Our next question comes from Ryan Tunis with Credit Suisse. Ryan J. Tunis - Credit Suisse Securities (USA) LLC (Broker): Hey. Thanks. Good morning. Another one for Rob. I guess, just looking at the components of the reduction in GOE, it looks like one driver has been loss adjustment expense. And I guess coincidently, that's also been a pretty good tailwind for the improvement in the accident year loss ratio in Commercial. I'm just trying to get a feel for, I guess, how much of the four points to six points of the four this year and six next year in accident year loss ratio improvement was supposed to come from that versus kind of the way I think we had been thinking about it, which was mix shift, risk selection and reinsurance. Robert S. Schimek - Executive Vice President; Chief Executive Officer, Commercial, American International Group, Inc.: Ryan, thanks for your question. The first thing I would say to you is I know that you should walk away understanding that about three-tenths of a point of the improvement in our adjusted accident year loss ratio comes from loss adjustment expenses. When you look at page nine of the financial supplement and you're trying to make sure that you can sort of reconcile that thought, just remember that any of the GOE that we put into loss adjustment expenses is effectively deferred and amortized in like a DAC type of concept. And so therefore, you need to be thinking about what is the effect in the adjusted loss ratio on an amortized basis. And so three-tenths of a point is the right answer for you.

Operator

Operator

Our next question comes from Brian Meredith with UBS.

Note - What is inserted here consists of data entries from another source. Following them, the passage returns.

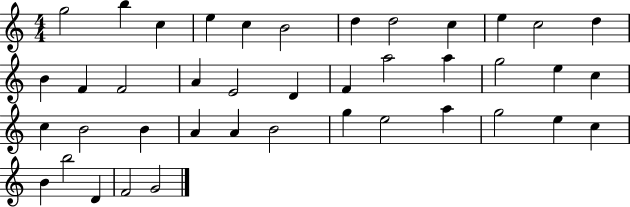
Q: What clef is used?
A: treble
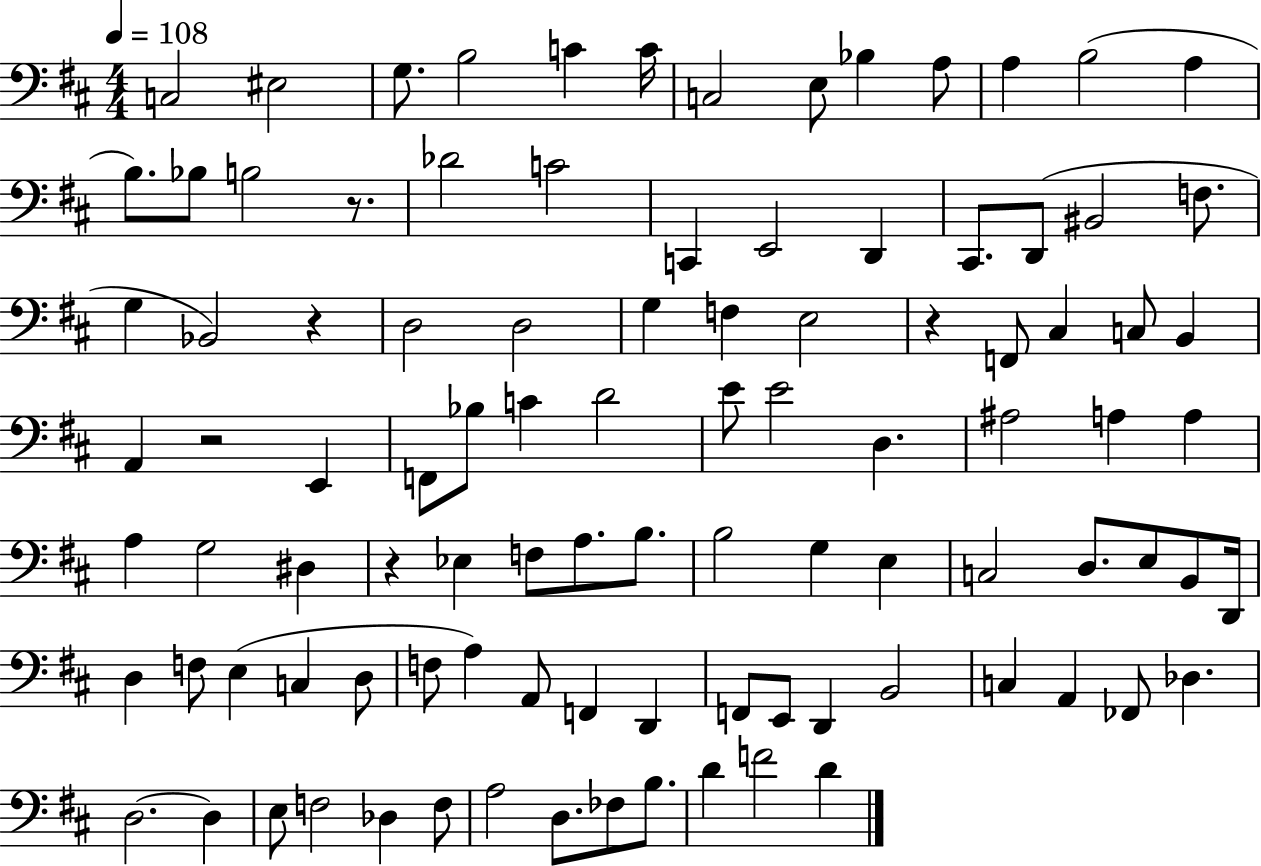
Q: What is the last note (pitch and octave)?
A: D4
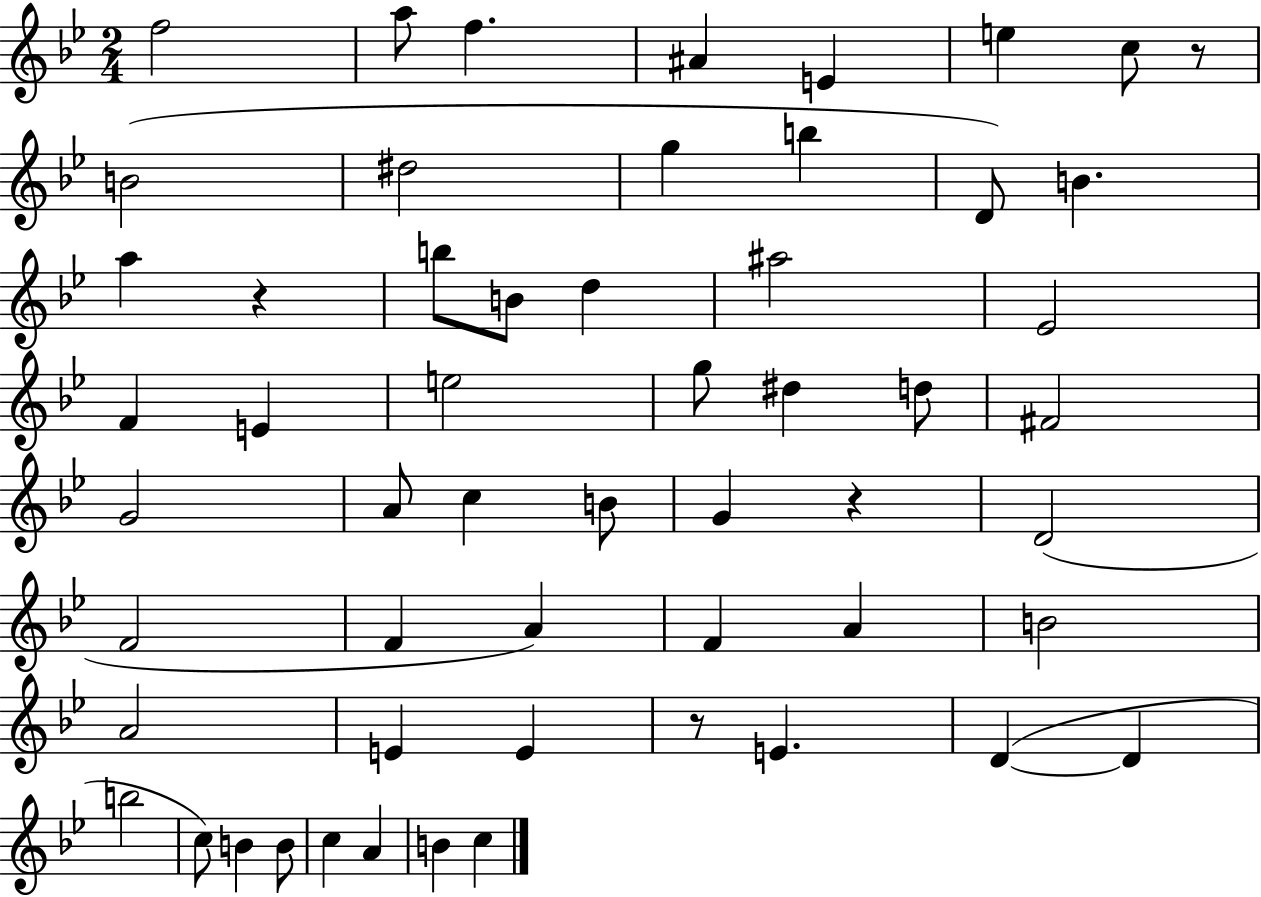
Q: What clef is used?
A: treble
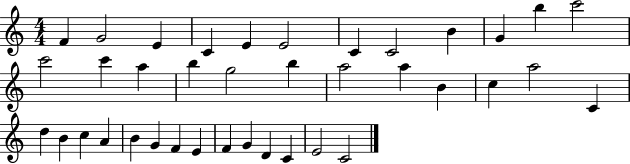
F4/q G4/h E4/q C4/q E4/q E4/h C4/q C4/h B4/q G4/q B5/q C6/h C6/h C6/q A5/q B5/q G5/h B5/q A5/h A5/q B4/q C5/q A5/h C4/q D5/q B4/q C5/q A4/q B4/q G4/q F4/q E4/q F4/q G4/q D4/q C4/q E4/h C4/h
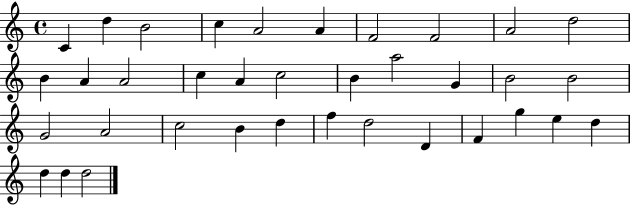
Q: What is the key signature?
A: C major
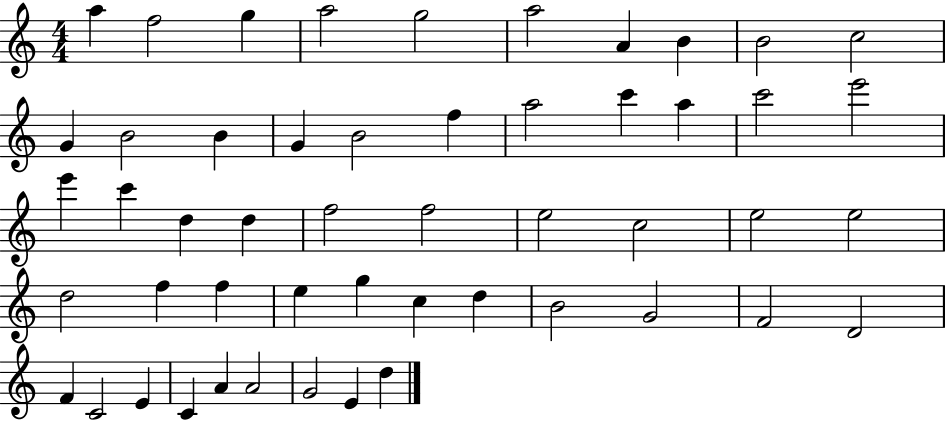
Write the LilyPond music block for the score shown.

{
  \clef treble
  \numericTimeSignature
  \time 4/4
  \key c \major
  a''4 f''2 g''4 | a''2 g''2 | a''2 a'4 b'4 | b'2 c''2 | \break g'4 b'2 b'4 | g'4 b'2 f''4 | a''2 c'''4 a''4 | c'''2 e'''2 | \break e'''4 c'''4 d''4 d''4 | f''2 f''2 | e''2 c''2 | e''2 e''2 | \break d''2 f''4 f''4 | e''4 g''4 c''4 d''4 | b'2 g'2 | f'2 d'2 | \break f'4 c'2 e'4 | c'4 a'4 a'2 | g'2 e'4 d''4 | \bar "|."
}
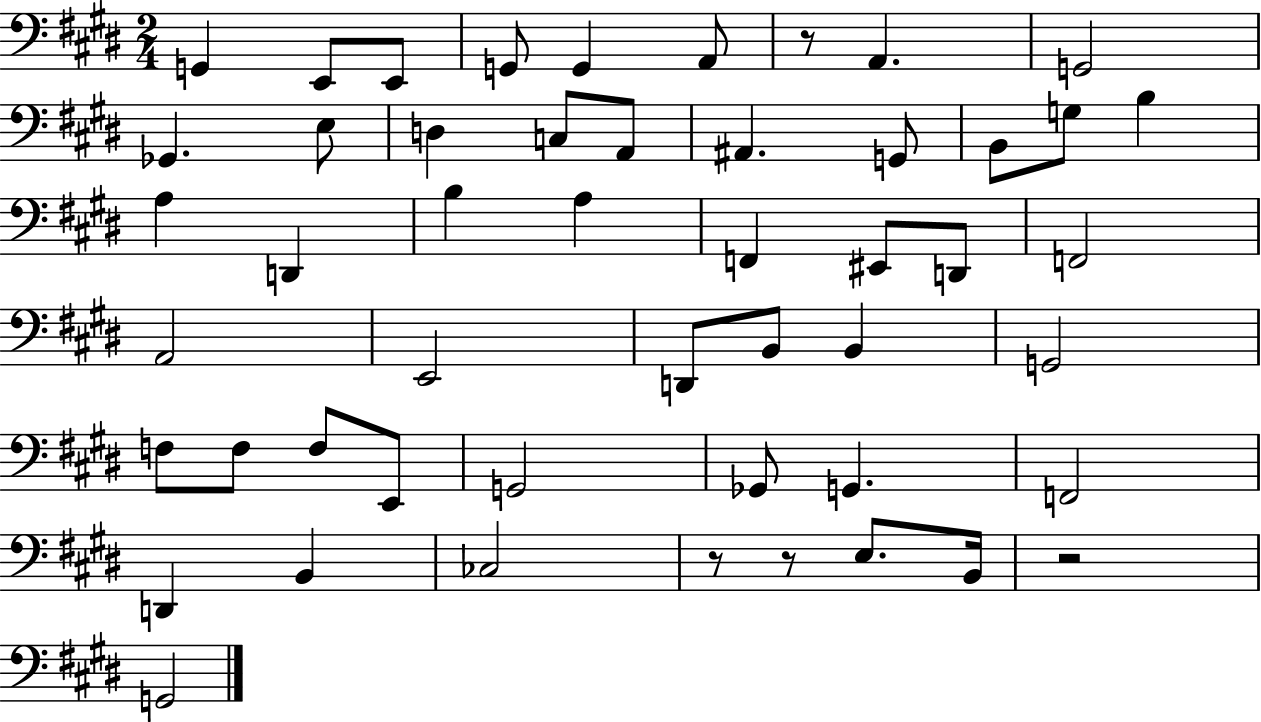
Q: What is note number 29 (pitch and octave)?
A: D2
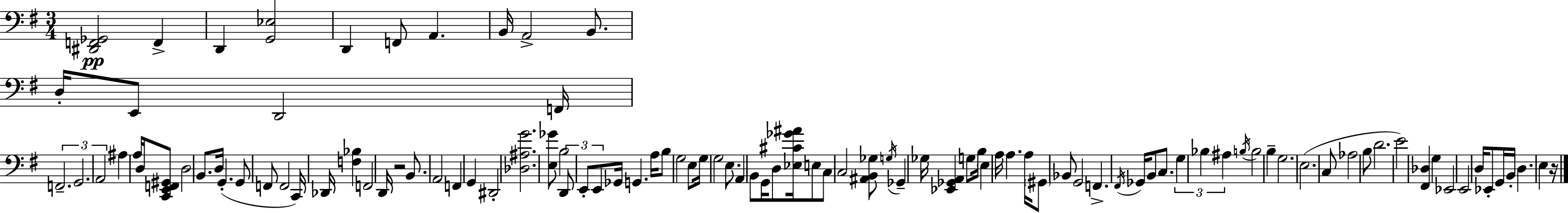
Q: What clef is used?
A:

Brian Robert Meredith - UBS Securities LLC

Analyst · UBS

Yeah, thanks. Rob, back to you again. I was wondering, could you give us a sense of what the year-over-year benefit to the underlying loss ratios were in commercial from reinsurance, ceded reinsurance, and also the combined ratio? Robert S. Schimek - Executive Vice President; Chief Executive Officer, Commercial, American International Group, Inc.: Let's see. Let me give you this as maybe a way to observe this for you. One, just remember that, I said this in my opening comments, if our total premium decline was 20% in the quarter after foreign exchange, about half of that came from reinsurance and our exit end-market headwind. So you could dissect that piece a little bit further and let me help you. I commented already that rates, so the market headwind for rates was about 1%. I commented that, that would then leave you with 9% of the decline associated with reinsurance and exits. If you thought about the exits, about $500 million worth of business is what we've exited, which is pretty small. It's about 2.5% of the $20 billion of premium that we wrote last year. So you might think of the benefit from exits as being something like, let's call it two to three points. And so if you – if you said hey, he explained 10% through reinsurance exits and market headwinds, I think it's pretty fair to say that you've probably got about six points of your reduction in premium coming from reinsurance. And so that's the effect that it had on the reinsurance. And then as you want to know what effect it had on the loss ratio just remember most of that happened in Product Set 2B and Product Set 3, but Product Set 2B. So you can see the loss ratio on the dispersion chart that we show on page 15.

Operator

Operator

Our next question comes from Meyer Shields with KBW. Meyer Shields - Keefe, Bruyette & Woods, Inc.: Thanks. Good morning. Following the quarter's rate increases in Casualty and Specialty, can you talk about where your rates sort of compare to overall market rates? Kevin T. Hogan - Executive Vice President; Chief Executive Officer, Consumer: I think our rates are consistent with market rates. Meyer Shields - Keefe, Bruyette & Woods, Inc.: ... market rates before these increases? Kevin T. Hogan - Executive Vice President; Chief Executive Officer, Consumer: We compete in a highly competitive market every day. I would tell you that when we lose business, more often than not we're losing business to a competitor who quoted a lower rate.

Operator

Operator

Our next question comes from Josh Stirling with Sanford Bernstein. Josh Stirling - Sanford C. Bernstein & Co. LLC: Hi. Good morning. Thank you for taking the call, and, Craig, congratulations on obviously making a ton of progress in the quarter. So Peter, I was hoping to have just a bit of a strategic question for you. So earlier in sort of this journey there was a lot of debate and concern as to whether perhaps AIG was sort of too big to succeed. Your modularity approach seemed like a logical way of pivoting the conversation and making it a more manageable series of businesses. I'm wondering if you can talk about, now that you've got six months on sort of in the real world of like, your guys' day jobs, what that has actually translated into; systems, people, staffing, new ways of underwriting. And then walk us through a little bit how you think that informs how we should think about that informing the future, how far modularity goes and perhaps just a bit of an update on your sort of broader sort of divestiture strategy? Thank you.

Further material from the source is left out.